House rebuffs Pentagon on defense spending
WASHINGTON (AP) — The House on Thursday overwhelmingly backed a $601 billion defense authorization bill that spares planes, ships and military bases in an election-year nod to hometown interests.
Ignoring a White House veto threat, Republicans and Democrats united behind the popular measure that authorizes spending on weapons and personnel for the fiscal year beginning Oct. 1. The vote was 325-98 for the legislation which now must be reconciled with a work-in-progress Senate version.
The Pentagon had proposed retiring the Cold War-era U-2 spy plane and the A-10 Warthog close-air support aircraft as well as shuttering unnecessary bases.
Spending on the military is being cut after more than a decade of fighting in Iraq and Afghanistan, and deficit-driven budget reductions are taking a toll.
Working within spending limits, the Pentagon proposed retiring decades-old aircraft programs, including the A-10 Warthog, a close air support plane, and the U-2 spy plane of the Cold War era. The Defense Department also sought congressional approval to close military bases deemed unessential and slightly increase out-of-pocket costs for housing and health care.
Not this year, said Republicans and Democrats alike. They left popular personnel benefits untouched despite repeated warnings that the skyrocketing costs of Pentagon entitlement programs come at the expense of modernizing and training the military.

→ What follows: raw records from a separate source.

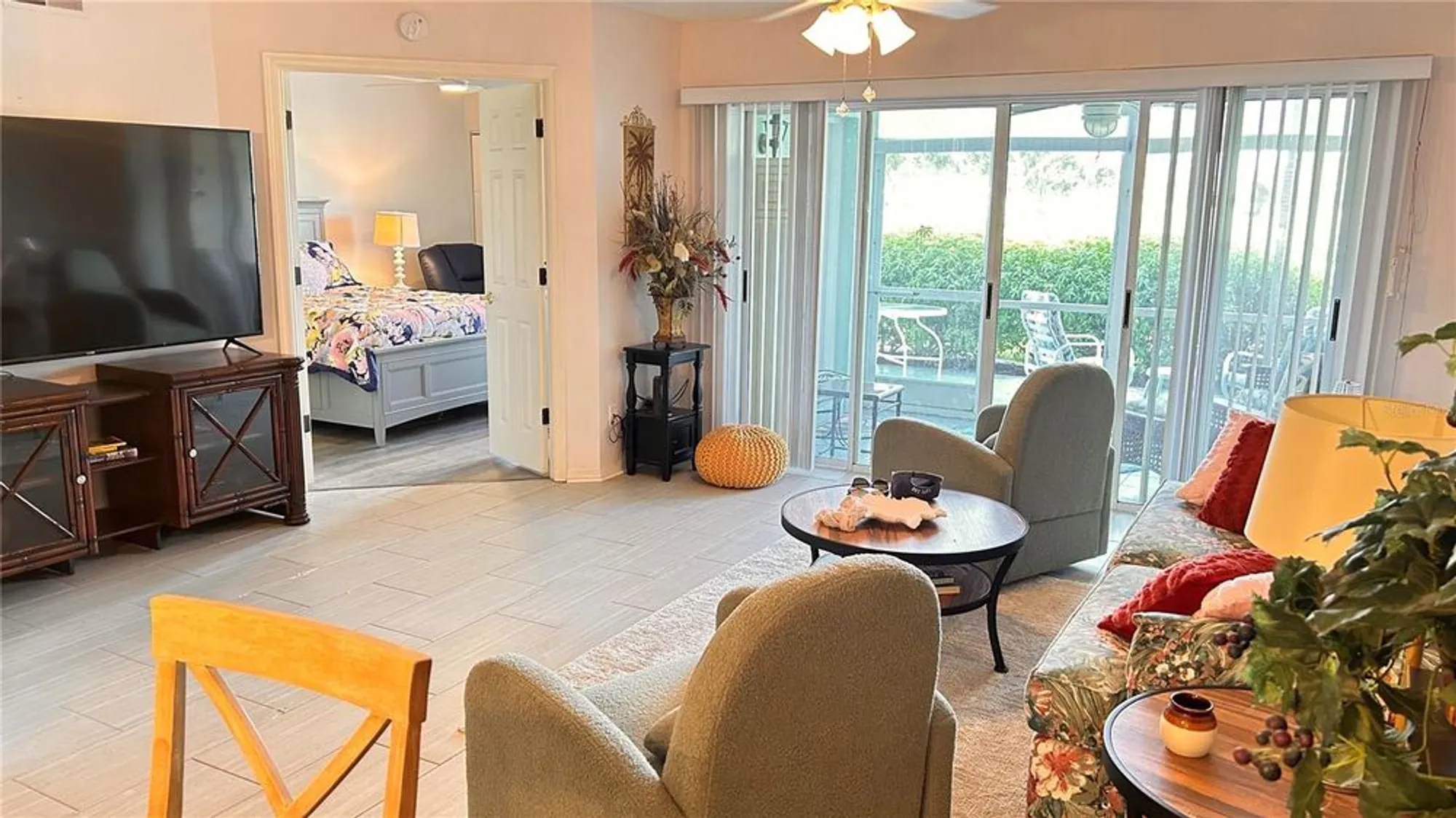 Property Slideshow image 12 of 31 | 433 cerromar ln 331, Venice, FL, 34293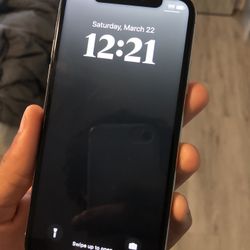 iPhone X  (9/10 Condition) Phone Is Locked And Can Be Unlock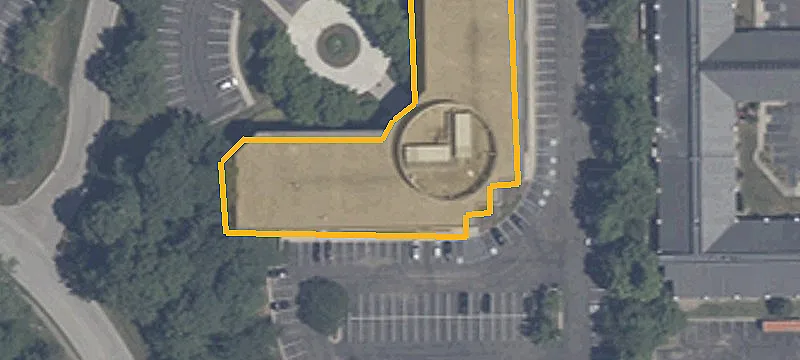 Office Building with Large Floorplates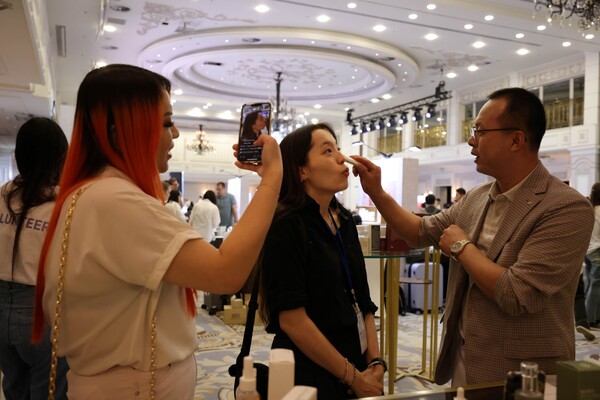 지난 26일부터 28일까지 카자흐스탄 알마티에서 ‘2025 알마티 미니 한류박람회’에서 B2B 수출상담회의을 진행하고 있는 장면.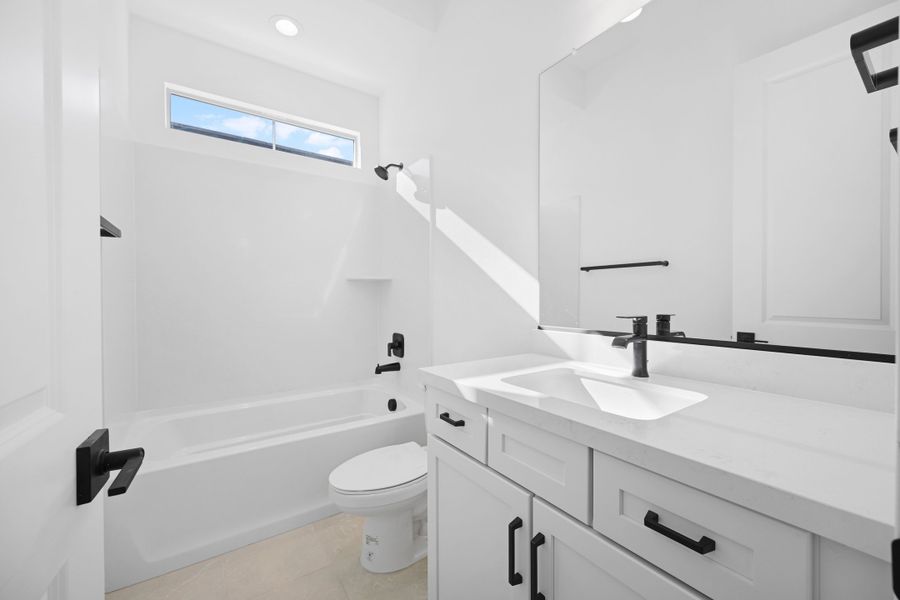 Furnished interior view inside a new home in Aloravita South, Peoria (Image 16).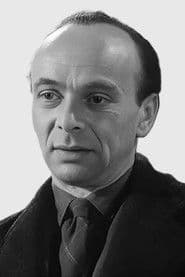 Philo Hauser as Charlie Ponz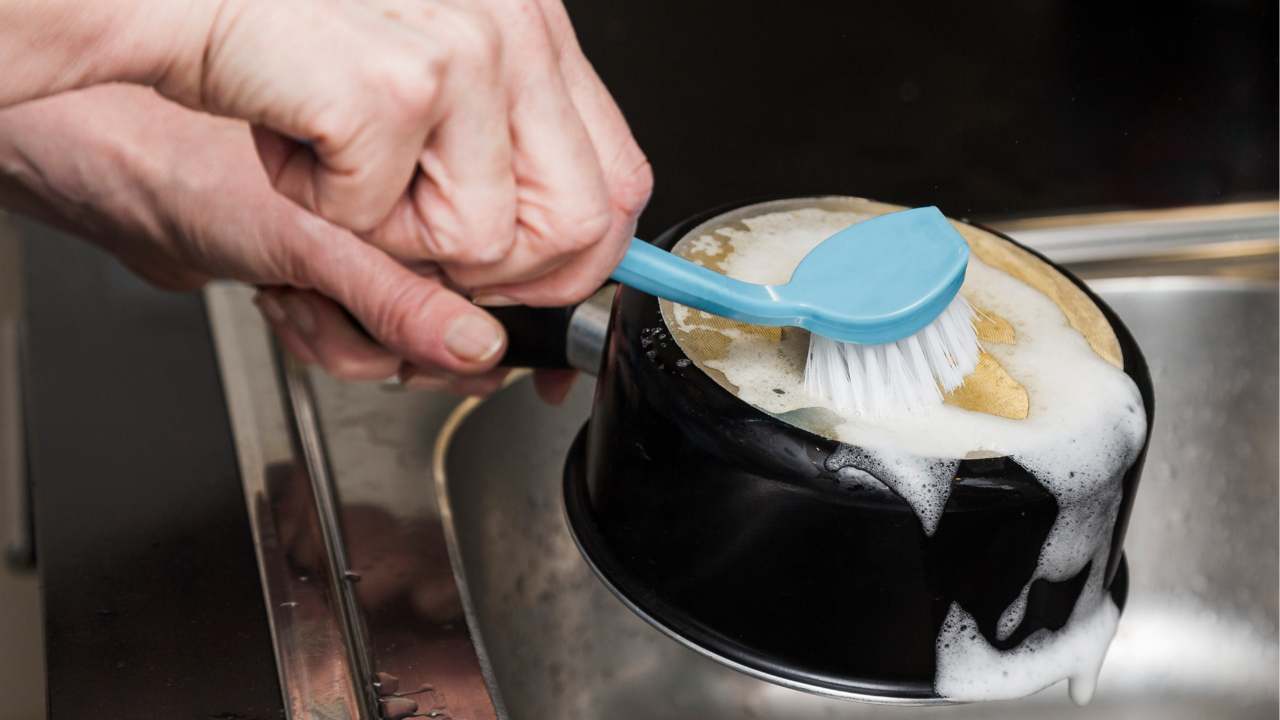 detergente e pasta de dente para panelas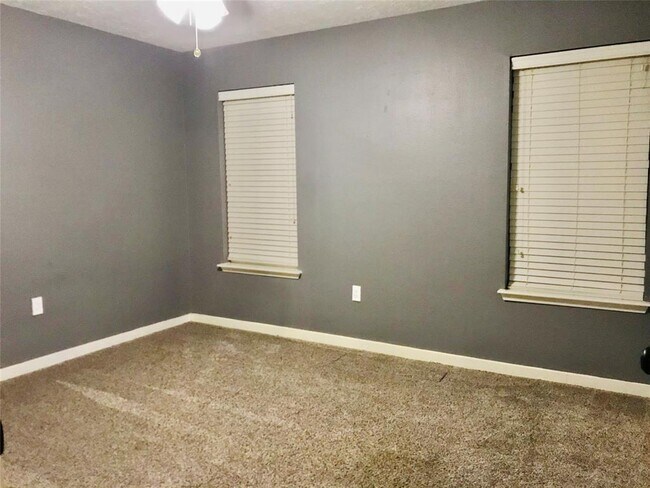 Building Photo - 15703 Laurelfield Dr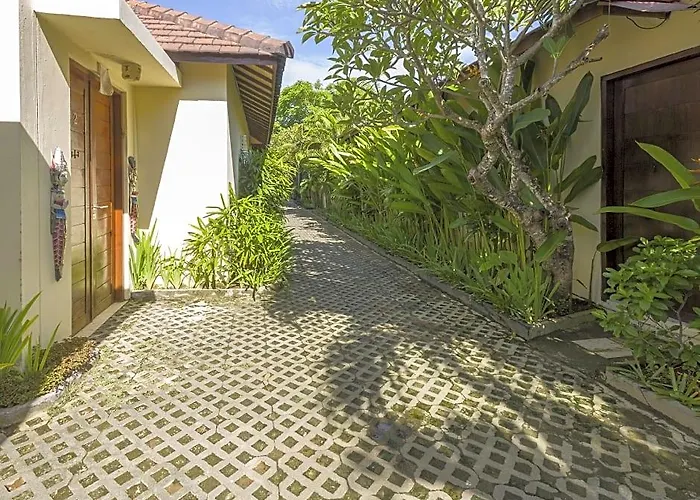 Arama Riverside Villa Legian (Bali)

“It is not our job to accept the department’s budget as is, but if we are to reject the Pentagon’s cost-saving measures we need to offer alternatives. We didn’t. We ducked every difficult decision,” said Rep. Adam Smith of Washington state, the top Democrat on the Armed Services Committee. “We played accounting games and cut readiness as we stand by and wait for a miracle. We owe our troops more.”
Rep. Howard “Buck” McKeon, R-Calif., chairman of the committee, rejected the suggestion that the measure was a “sop to parochial interests,” arguing that the bill makes “the tough decisions that put the troops first.”
The Obama administration objects to pinching the budget for readiness by $1.2 billion to cover the cost of favored ships and planes. Smith warned that the patchwork approach this year will make budgeting nearly impossible in future years.
Navy cruisers, an aircraft carrier and AWACS aircraft, the airborne warning and control system, were saved.
Rep. Jim Bridenstine, R-Okla., a former pilot and tea party favorite elected in 2012, spared three of seven AWACS aircraft based at Tinker Air Force Base in his home state. Rep. Ron Barber, D-Ariz., secured bipartisan support for providing $635 million for the Air Force’s A-10, which has a strong coalition of backers in Congress.
The House engaged in a spirited debate over post-Sept. 11 laws and practices, and whether they are overly broad and still viable nearly 13 years after the terror attacks. Lawmakers pressed to sunset the authorization given to the president to use military force, to end the indefinite detention of terror suspects captured on U.S. soil and to close the U.S. naval facility at Guantanamo Bay, Cuba.
The bill imposes limits on President Barack Obama’s handling of terror suspects at Guantanamo, barring him from transferring detainees to maximum-security prisons in the United States.
The White House late Wednesday said the president would veto the bill if it “continues unwarranted restrictions regarding Guantanamo detainees.”
Hours later, the House rejected a measure to close Guantanamo. It also maintained its support for the authorization to use military force and indefinite detention.
The House Rules Committee allowed 162 amendments to the legislation but rejected measures on immigration that would have offered citizenship to young immigrants brought here illegally who serve in the military. The panel also rejected legislation that would have opened the U.S. military academies to such immigrants.
House Speaker John Boehner, R-Ohio, said the far-reaching defense bill was inappropriate for the debate on immigration.
To address the problem of sexual assault in the military, the bill would change the military rules of evidence to prohibit the accused from using good military character as defense in court-martial proceedings unless it was directly relevant to the alleged crime.
The “good soldier defense” could encompass a defendant’s military record of reliability, dependability, professionalism and reputation as an individual who could be counted on in war and peacetime.
Overall, the legislation would provide $495.8 billion for the core defense budget, $17.9 billion for energy programs within Pentagon spending and $79.4 billion for the war in Afghanistan and other overseas operations.